On my way to and from work via the Washington Metro, it’s almost always the beggars who greet passengers coming in and out of the stations. Men and women, old and young, hold signs of “hungry”, “out of job”, “homeless” or “homeless veterans”.
And outside the Martin Luther King Jr Memorial Library just two blocks from my Metro Center stop, there are lines of homeless people waiting for free meals distributed by charity organizations or shelter buses to pick them up and take them to a place to stay.
But some of the homeless choose to sleep on benches in parks, some in cardboard boxes in small alleys. In the sub-zero days like two weeks ago, some homeless slept on the sidewalks over the subway grates so the rising heat would keep them warm.
Such a picture is true not just in New York and DC, but other major US cities, such as San Francisco and Seattle. They are all great cities and my favorite cities in the US, but they would be so much nicer without such a scene, an inhuman one especially for a country as rich as the US.
In his coverage of Camden, New Jersey, last year, NBC TV’s news anchor Brian Williams described the poorest US city as “staggering poverty surrounded by staggering wealth.” Run-down houses in Camden contrast sharply to the glitzy skyscrapers of Philadelphia on the other side of the Delaware River.
Statistics showed that 15 percent of Americans, or close to 50 million, were living in poverty in 2012, according to the US Census.
These included a disproportionate number of African Americans and Latinos. A Pew Center report shows that poverty among African Americans, though falling slightly over the years, is still more than double the rate for whites, 27.2 percent against 12.7 percent.
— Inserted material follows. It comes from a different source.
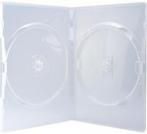 Dvd Box 2  14 mm Transparant 5 Stuks, Computers en Software, Beschrijfbare discs, Nieuw, Verzenden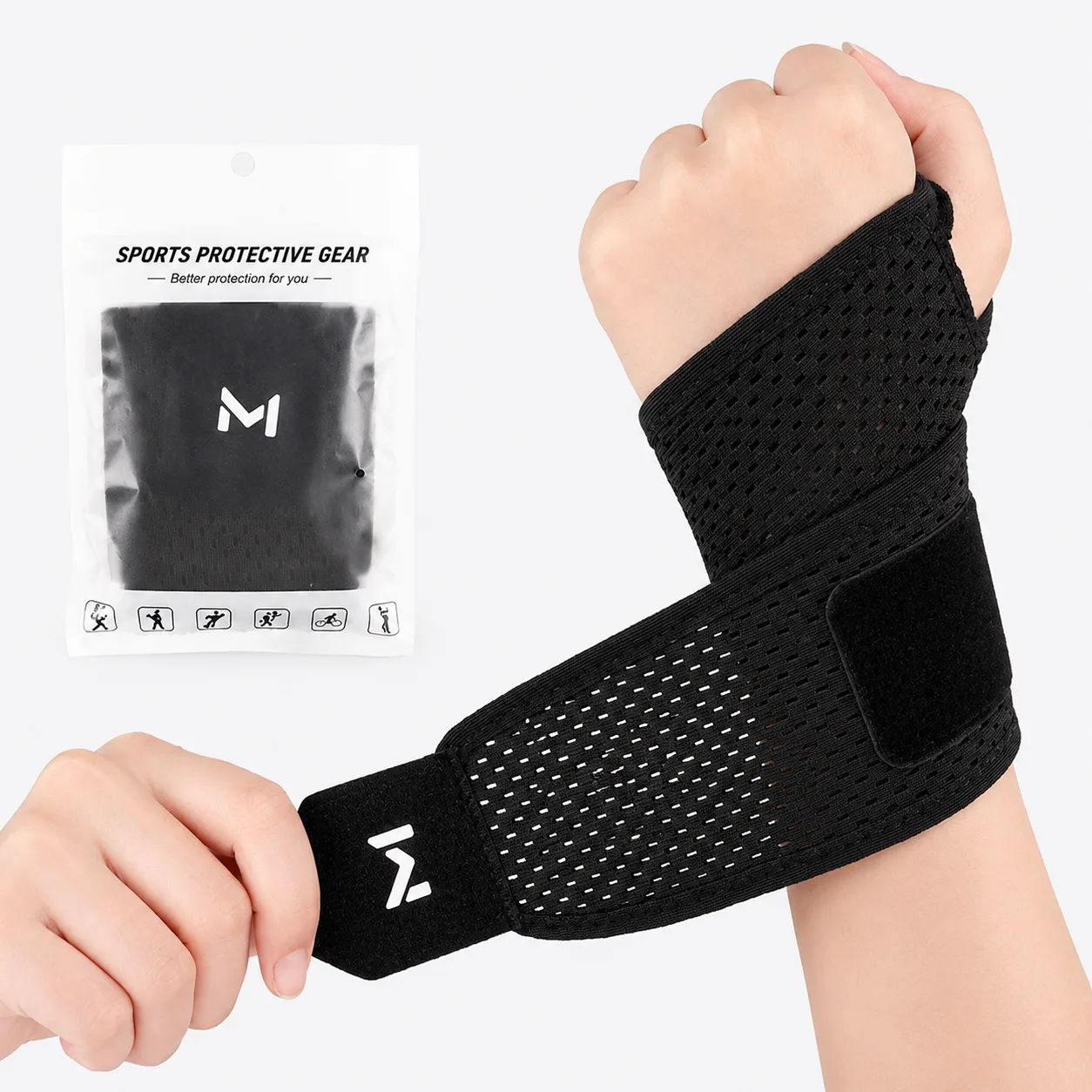 Sports Wrist Support-1pcs-M6101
Meanwhile, the share of Hispanics in poverty has risen over the years to 25.6 percent in 2012.
There is no doubt that the poverty in the US is quite different from that in the developing world. Many of the poor in the US may have computers, dishwashers and cars. But the existence of such a large underprivileged group shows that something has gone seriously wrong in this society.
Americans have been debating issues such as poverty and minimum wage in the past weeks as they mark the 50th anniversary of President Lyndon Johnson’s War on Poverty. Some have applauded the great achievements since the early 1960s, but others mocked it by quoting President Ronald Reagan as saying that “the United States fought a war on poverty and poverty won.”
Both may be right to some extent, but the poverty seen on America’s streets on a daily basis, and much more behind the streets, means the country is far from accomplishing its war on poverty.
No wonder International Monetary Fund Managing Director Christine Lagarde would point finger at the US on Wednesday when she warned that in far too many countries, benefits of growth are being enjoyed by far too few people.
She described the fact that 95 percent of income gains since 2009 went to the top 1 percent in the US as “not a recipe for stability and sustainability.”
It’s clear that poverty reduction is not just an urgent task for developing countries like China, which, despite lifting 600 million out of poverty in the past few decades, still faces enormous hard work ahead. It’s also a pressing one for the richest superpower. The author, based in Washington DC, is deputy editor of China Daily USA.